§ **Problem requirements**:
Please, from the entries below, transcribe exactly the lines that begin at the line with "Ristoranti Marsala, Ristorante" and end at the line with "Best DeFi Coins to Invest In 2026", without the pictures.

§ **Given entries**:
_____
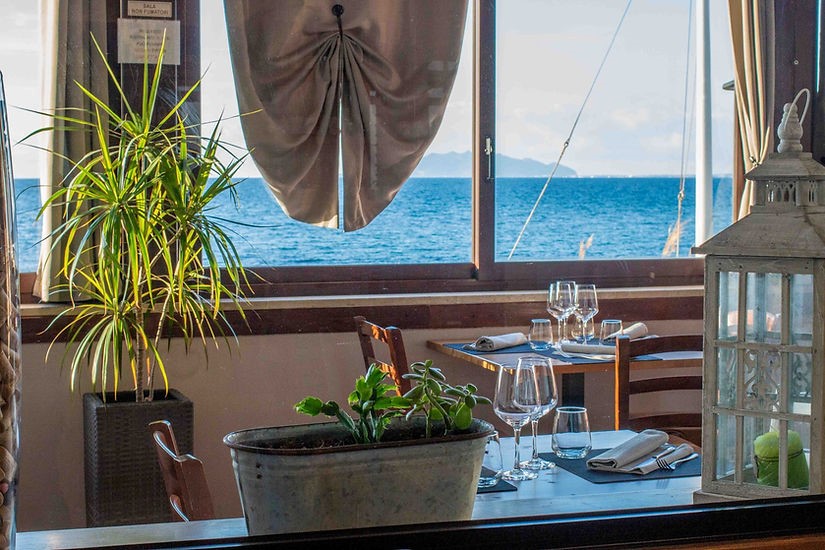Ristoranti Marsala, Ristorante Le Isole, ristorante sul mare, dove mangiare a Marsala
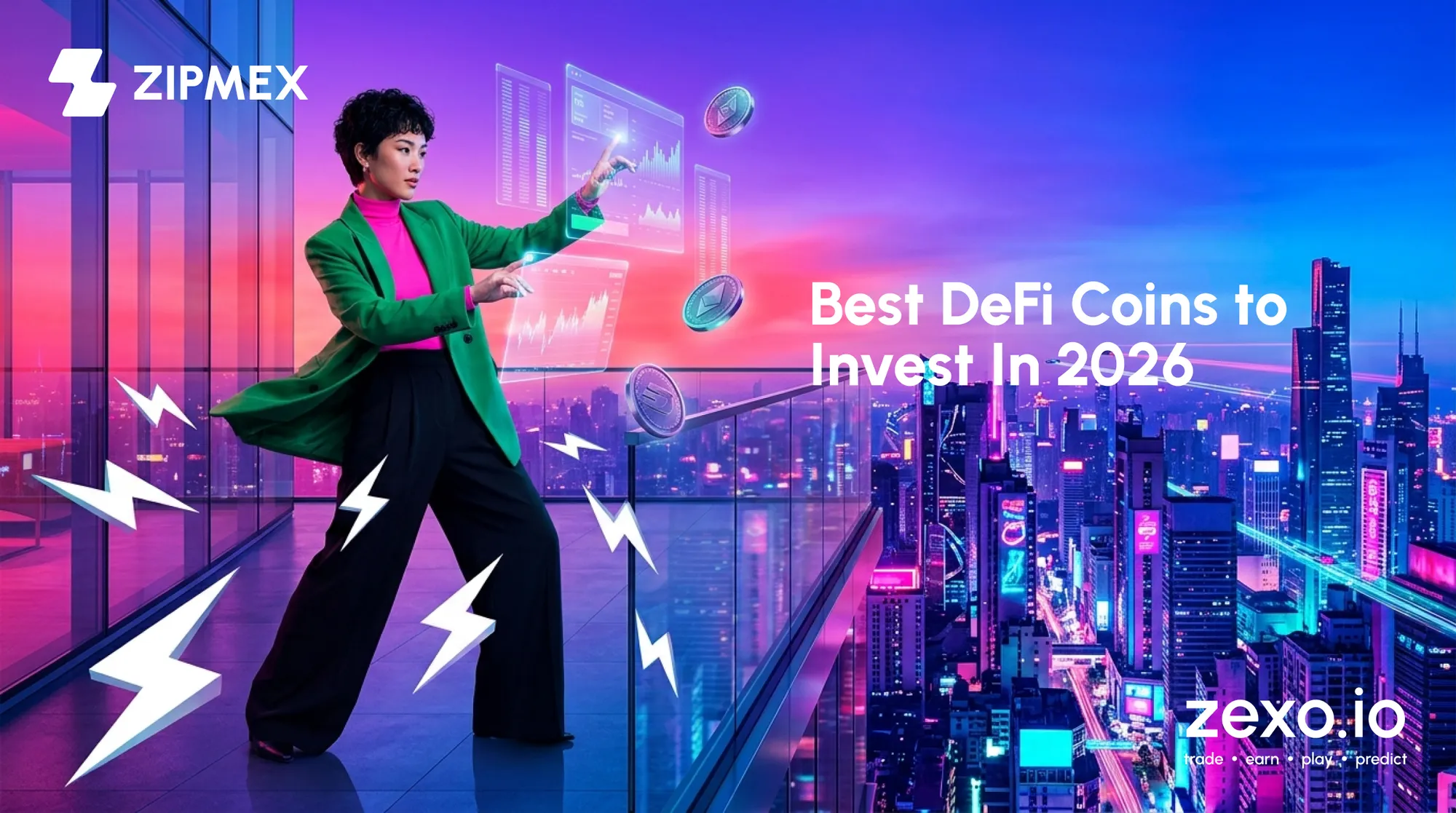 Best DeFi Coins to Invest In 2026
_____
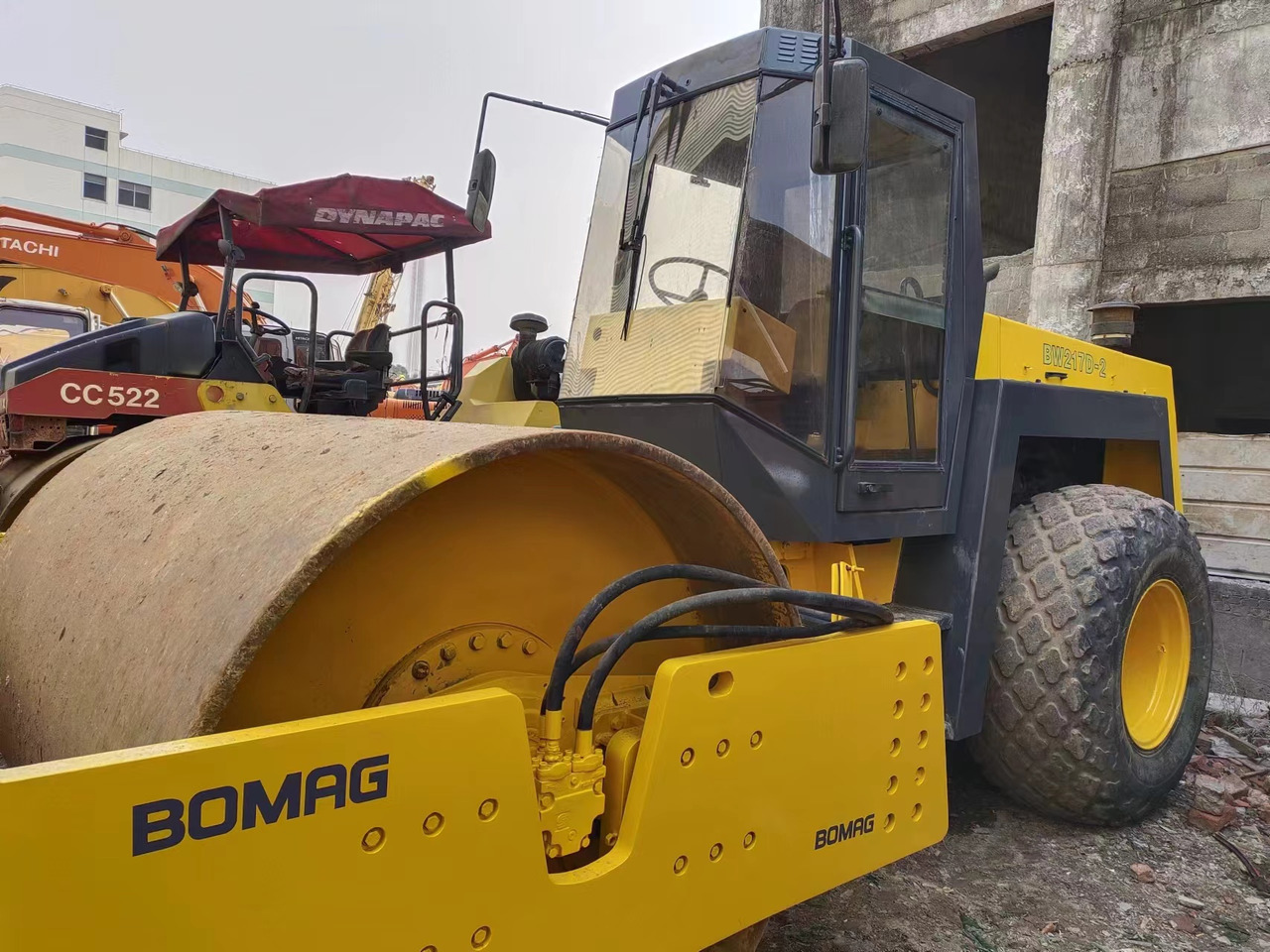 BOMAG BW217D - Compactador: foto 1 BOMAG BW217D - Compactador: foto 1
_____
§ **Result below**:
Ristoranti Marsala, Ristorante Le Isole, ristorante sul mare, dove mangiare a Marsala
 Best DeFi Coins to Invest In 2026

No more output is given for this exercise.